Cela leur permettra de constater qu'il manque pas mal de beau et grand monde dans ce quarteron au carré de "très riches" qui nous la jouent sympa-c'est-nous-qu'on-va-payer...
Mais on ne va pas s'en plaindre. Il est, somme toute, rassurant de savoir qu'il y a encore, chez nous, de vrais riches sachant encore faire leur métier de riches, qui est de créer de la richesse et non pas de payer des impôts - même ceux que, par extraordinaire, ils doivent - et ne vont pas courir comme des dératés vers de nouvelles taxes.

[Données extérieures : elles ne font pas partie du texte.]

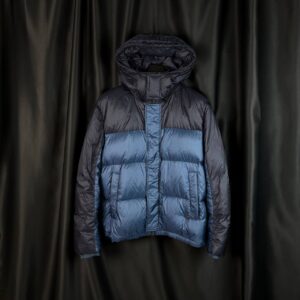 Пуховик Emporio Armani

Au cas où ils se sentiraient quelque peu mal aimés, ayant raté l'opération publicitaire orchestrée par le Nouvel Observateur, on leur conseillera d'écouter l'échange matinal de samedi dernier, entre Michel Pinçon, sociologue, et Pascal Salin, philosophe et économiste, sur France Inter. Ils pourront y entendre l'émérite monsieur Salin défendre leur liberté fiscale en agitant le drapeau d'un libéralisme flamboyant :
S'il y a des paradis fiscaux, c'est qu'il y a des enfers fiscaux; et la France est un enfer fiscal. Je préférerais que ce soit un paradis fiscal et que tous les gens viennent en France pour créer de la richesse, et qu'on ait encore plus de riches. Et tout le monde en profiterait parce qu'on aurait un dynamisme économique extraordinaire.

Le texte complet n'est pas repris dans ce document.